Provided data —
________________
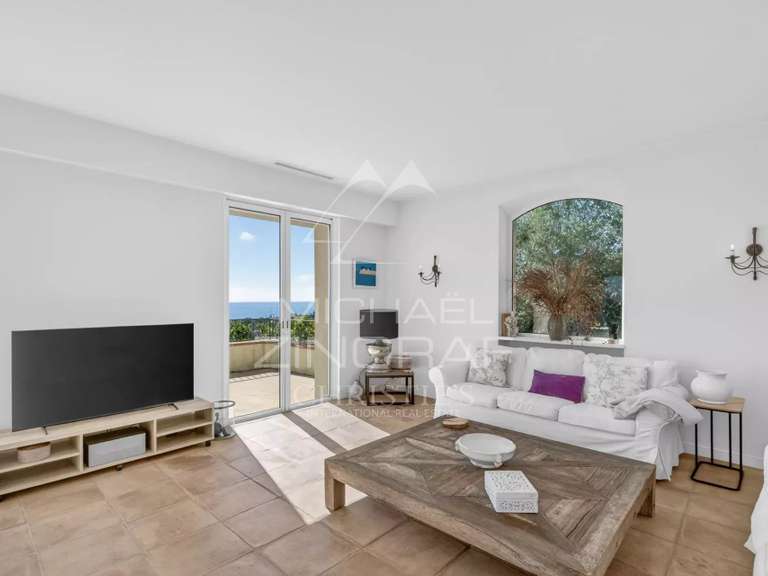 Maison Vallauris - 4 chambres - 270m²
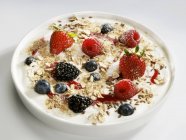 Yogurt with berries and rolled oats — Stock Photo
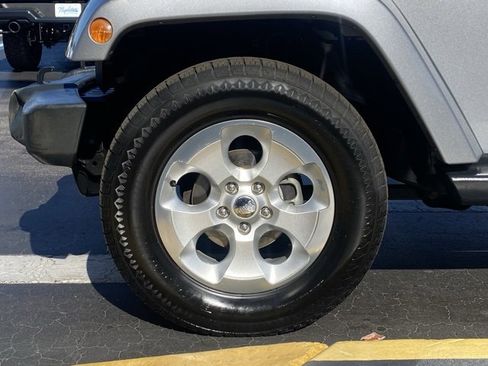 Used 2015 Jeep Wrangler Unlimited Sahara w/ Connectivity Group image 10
________________
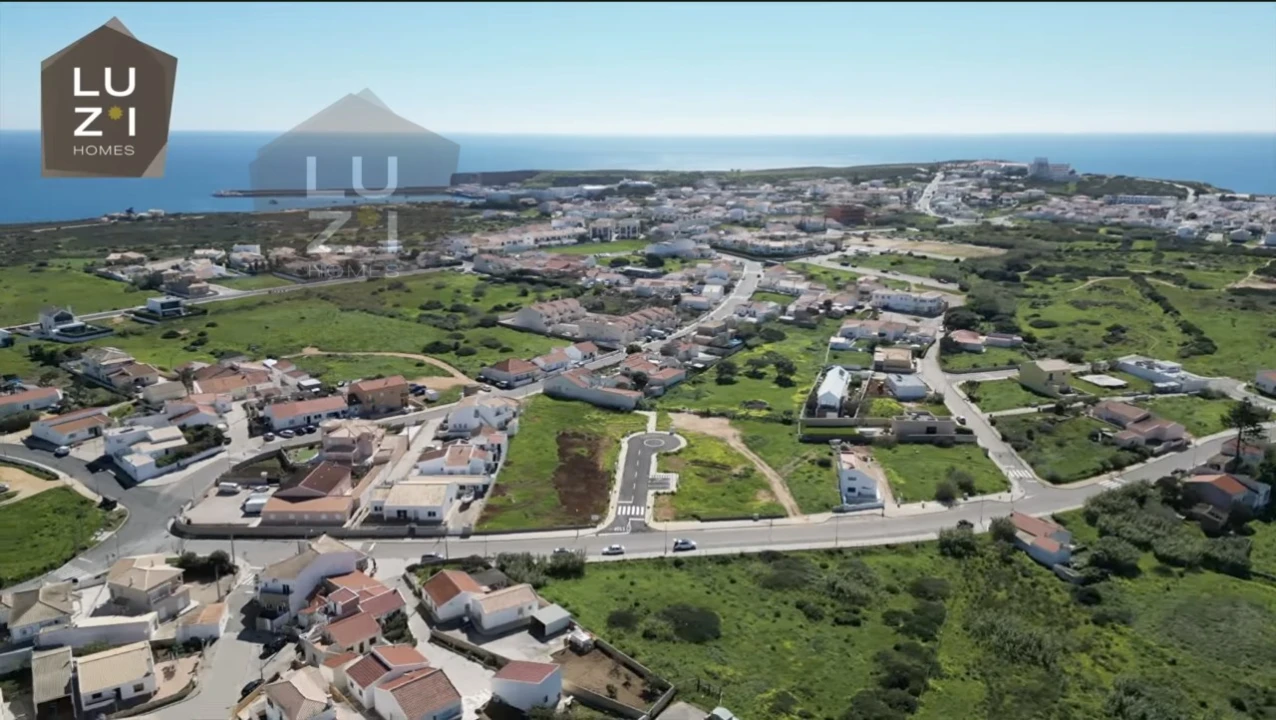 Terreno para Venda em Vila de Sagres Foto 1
________________
What you have to do —
From the entries above, copy exactly the lines starting at the one with "Yogurt with berries" and stopping at the one with "Used 2015 Jeep", keeping both ends. Drop the pictures.

Output for this exercise —
 Yogurt with berries and rolled oats — Stock Photo
 Used 2015 Jeep Wrangler Unlimited Sahara w/ Connectivity Group image 10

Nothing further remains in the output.